Clint Repski was the government intermediary for the Sweet Dreams initiative, Saskatchewan’s and Canada’s first test for SIB’s. EGADZ, a Saskatoon-based organization that works with at-risk youth, had approached the Government of Saskatchewan for funding to establish a home for at-risk young mothers. Although traditional grant funding was not available at the time, Repski thought this might be a good opportunity to test the concept of a SIB.

“I talked to EGADZ and really defined the objectives and outcomes of the project. The Social Impact Bond is not a grant. It presents a risk to the organization as you must perform. You need to strive to reach the objectives of the project, as funding is at risk” shares Repski. “Fortunately, EGADZ was confident they could hit the objectives and they wanted a chance to prove their outcomes and ‘sing for their dinner.’”

The objective for the Sweet Dreams project was to keep 22 kids in the care of their mothers. “We know that if mothers and babies stay together for a minimum of six months after the child is born, strong bonds take place and there is less chance of the child ending up in government-funded care. There were also significant advantages for the mother in this project, including furthering their education while staying with their baby,” explains Repski.
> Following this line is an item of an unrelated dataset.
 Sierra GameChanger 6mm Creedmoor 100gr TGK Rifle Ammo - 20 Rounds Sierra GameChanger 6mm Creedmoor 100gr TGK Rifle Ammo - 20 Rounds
The next step was to find investors who were willing to participate in the project. SIB’s are not a donation, they are an investment in specific outcomes. When an investor dedicates the money, they are putting those dollars at risk. The repayment of the investment is based on the success of the project, the higher the success the higher the return on investment. The Government only pays when outcomes are achieved. It’s win-win-win for each of the partners.
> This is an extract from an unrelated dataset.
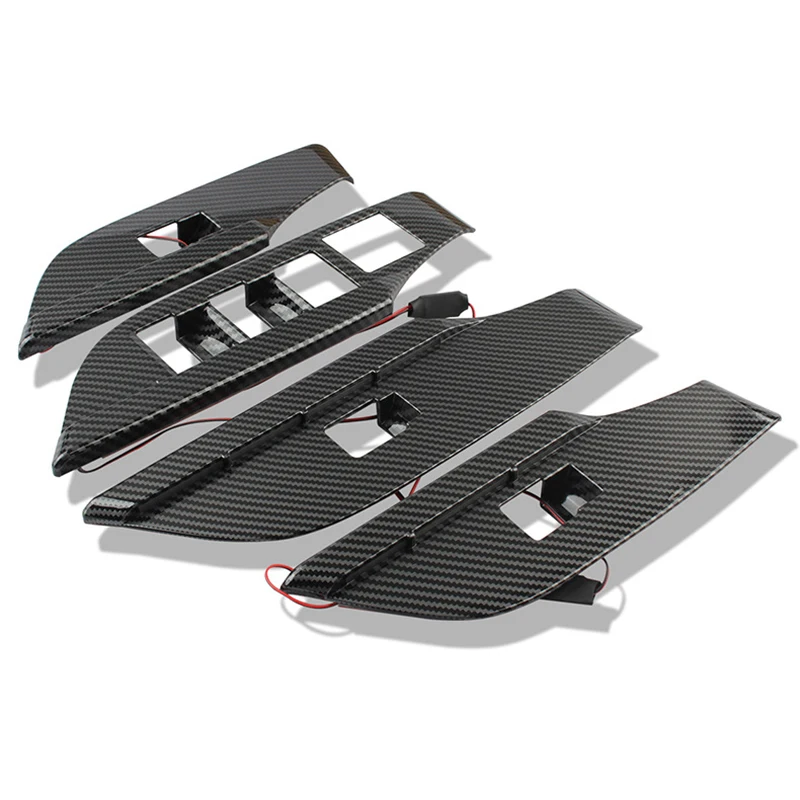 

Car Carbon Fiber Window Glass Lift Button Trim Switch Cover Decoration LED Atmosphere Light for Toyota RAV4 2020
In this case, Colleen and Wally Mah dedicated $500,000 to the project. They had been exploring a donation to EGADZ in other forms and found that the SIB was an interesting model to explore. “These are amazing people, who want to better the lives of the people in their community” nods Repski.

To lessen the risk even further, Repski approached Conexus Credit Union to take on the remaining amount of the bond. “They are a community-based credit union with a strong focus on the province. As a financial institution, they were approached to demonstrate the legitimacy of the bond” continues Repski. “They were completely on board and commended the government for reaching out to the private service to help with social issues. It was seen as a bold step forward.”

Once EGADZ started the project, the results were astounding. Over the five years of the bond, 54 children were kept out of care. “There are a lot of success stories coming out. There were the short-term advantages of keeping kids out of foster care and the long-term advantages of education and jobs for the mothers. They knocked it out of the park,” shares Repski.

The social impact bond model is now being tested in the Mother Theresa Middle School in Regina with the goal of getting at-risk kids to graduate on time.

“This was not business as usual. Getting this through the existing processes was challenging but people were committed to making it happen,” smiles Repski. “We were able to do this in Saskatchewan because we know the players and can get them to the table, which is more difficult in other larger provinces. With the help of dedicated and creative people, we were able to get this through and made something significant happen.”